Il rischio di creare un ghetto nel quale la popolazione si racchiuda guardando con sospetto al mondo esterno, mentre viene lasciata in balia degli attacchi terroristici da parte di un Governo indifferente o incapace di difendere la popolazione, ricorda molto la situazione che gli Hazara vivono a Quetta in Pakistan, dove questa comunità ha trovato rifugio alcuni decenni fa per fuggire alle persecuzioni dell’emiro Abdur Rahman e alla pulizia etnica ad opera dei Talebani negli anni ‘90.
Come sempre l’attacco è stato rivendato dall’ISIS, eppure sono in molti ad avere dei dubbi circa la veridicità di quest’affermazione, in primo luogo perché l’ISIS è solito attribuirsi qualsiasi attacco mentre i Talebani cercano di evitare la responsabilità dei morti civili e in secondo luogo perché il loro numero e capacità sembrano essere sovrastimate. Molto più probabilmente i responsabili vanno ricercati nella Rete Haqqani, anch’essa parte del movimento dei Talebani, il cui quartier generale ha sede in Pakistan. Risulta tuttavia allo stato attuale molto difficile determinare i moventi e i responsabili di questi attacchi.
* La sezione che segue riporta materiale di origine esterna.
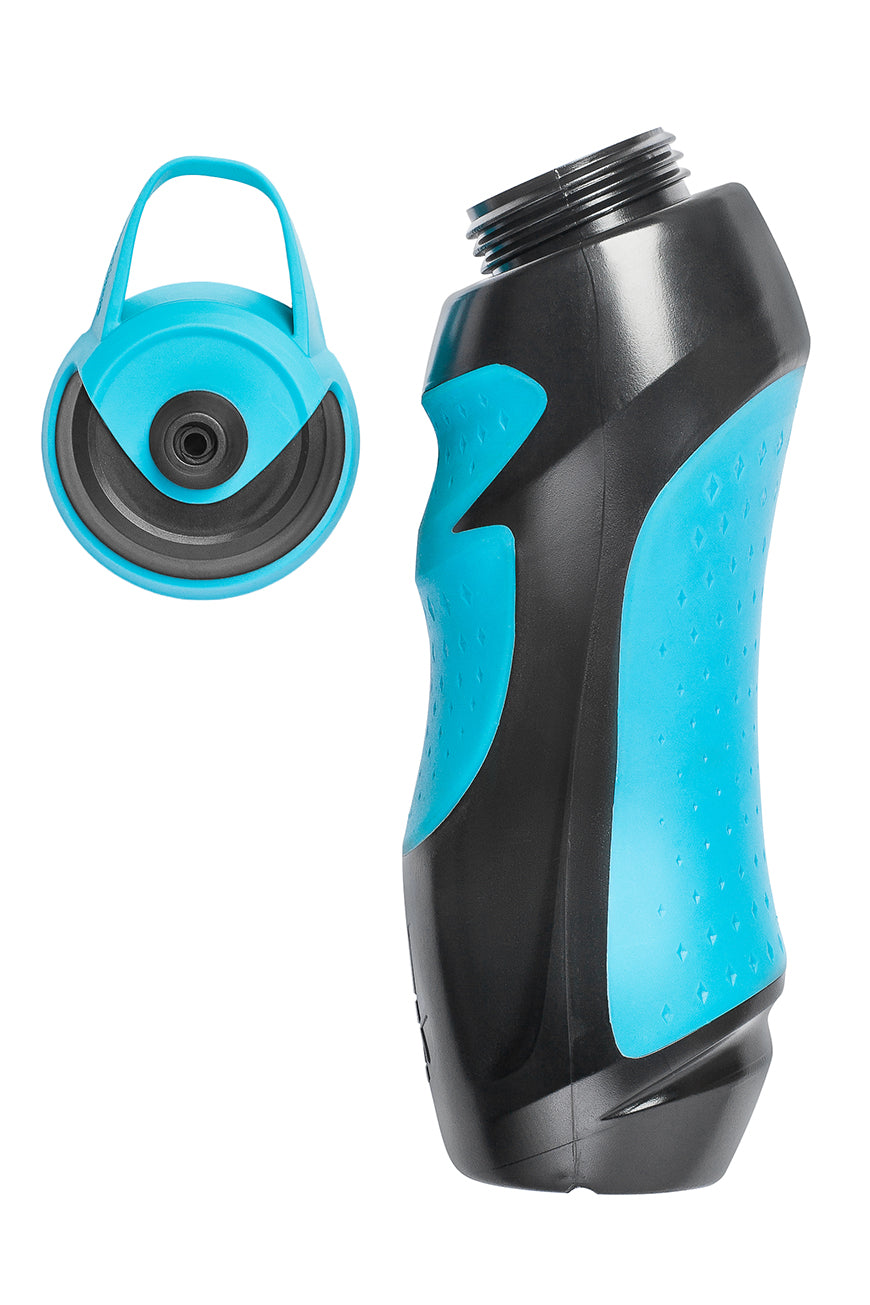 Waterfles van 750 ml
Neppure un mese fa, il 15 agosto, la comunità Hazara aveva seppellito 60 ragazzini uccisi da un kamikaze mentre si preparavano per l’esame di ammissione all’università, domani nuove fosse verranno scavate nello stesso cimitero, dove giacciono i corpi di centinaia di uomini, donne, e bambini. Nel frattempo tra i vivi e in particolar modo tra i giovani, la domanda che si sente ripetere più spesso in questo periodo è questa: sarò forse io il prossimo?